• Exercise prompt:
Under this line are records; the part from the line containing "Number 3: I" through the line containing "The readdata command" should be repeated exactly. Please exclude pictures.

• Data for review:

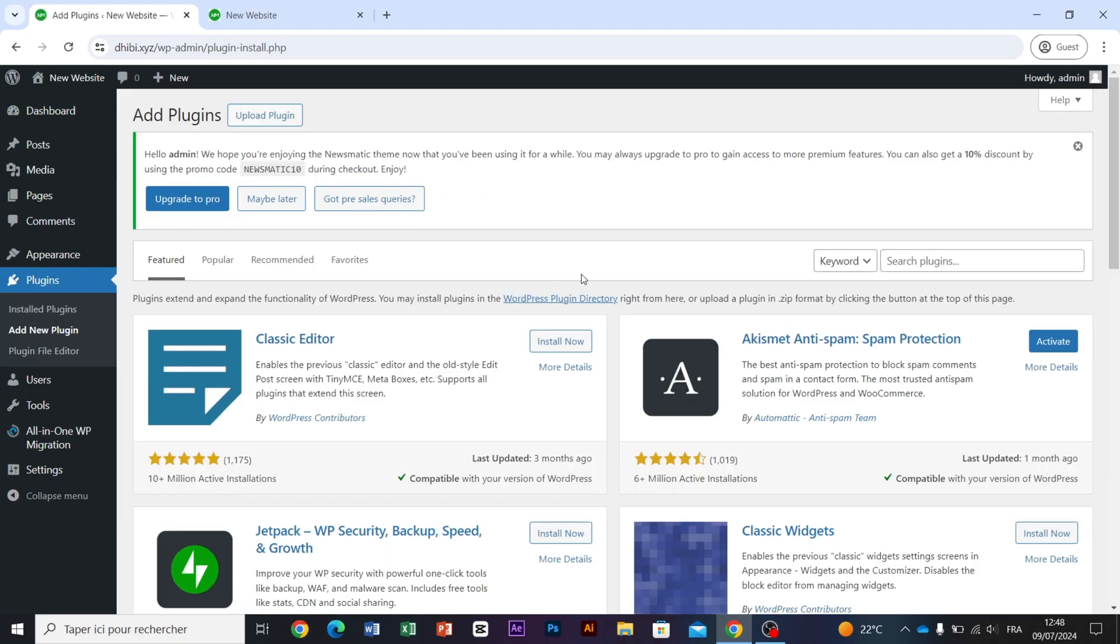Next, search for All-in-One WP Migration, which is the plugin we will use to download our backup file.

==

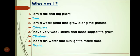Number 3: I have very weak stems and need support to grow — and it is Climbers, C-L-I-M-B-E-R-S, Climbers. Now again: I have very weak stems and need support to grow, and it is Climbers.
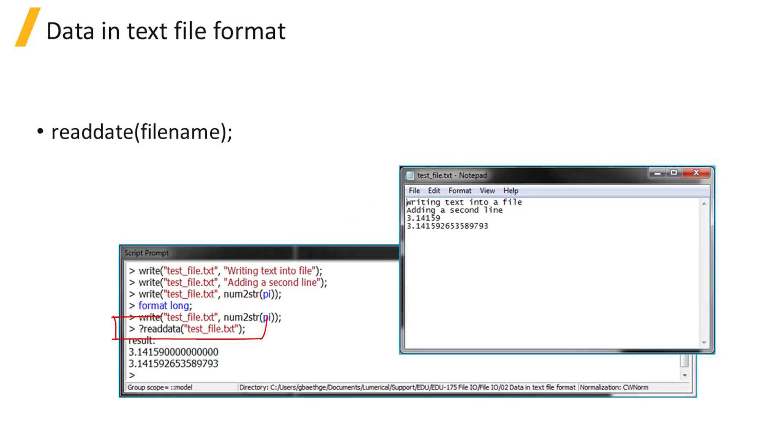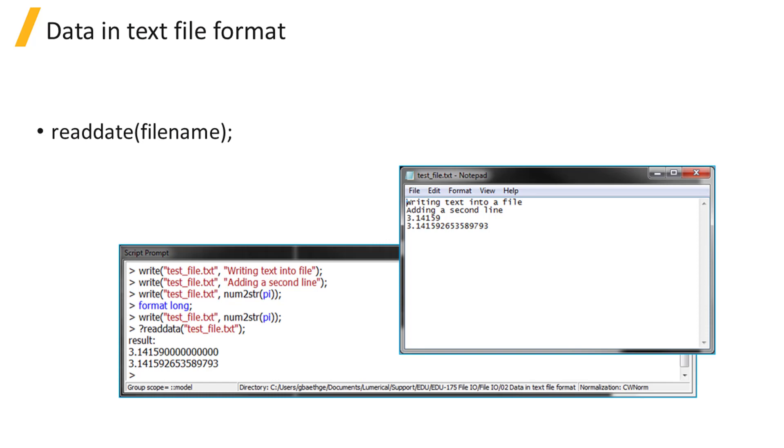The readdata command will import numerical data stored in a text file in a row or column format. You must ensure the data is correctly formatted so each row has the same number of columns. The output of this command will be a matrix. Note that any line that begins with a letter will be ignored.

---

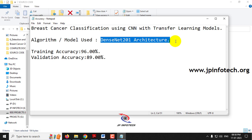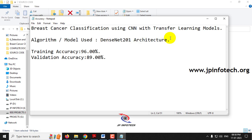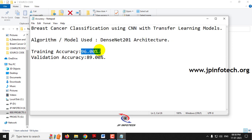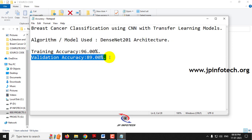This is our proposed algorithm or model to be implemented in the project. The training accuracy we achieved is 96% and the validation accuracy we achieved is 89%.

• Task solution:
Number 3: I have very weak stems and need support to grow — and it is Climbers, C-L-I-M-B-E-R-S, Climbers. Now again: I have very weak stems and need support to grow, and it is Climbers.
The readdata command will import numerical data stored in a text file in a row or column format. You must ensure the data is correctly formatted so each row has the same number of columns. The output of this command will be a matrix. Note that any line that begins with a letter will be ignored.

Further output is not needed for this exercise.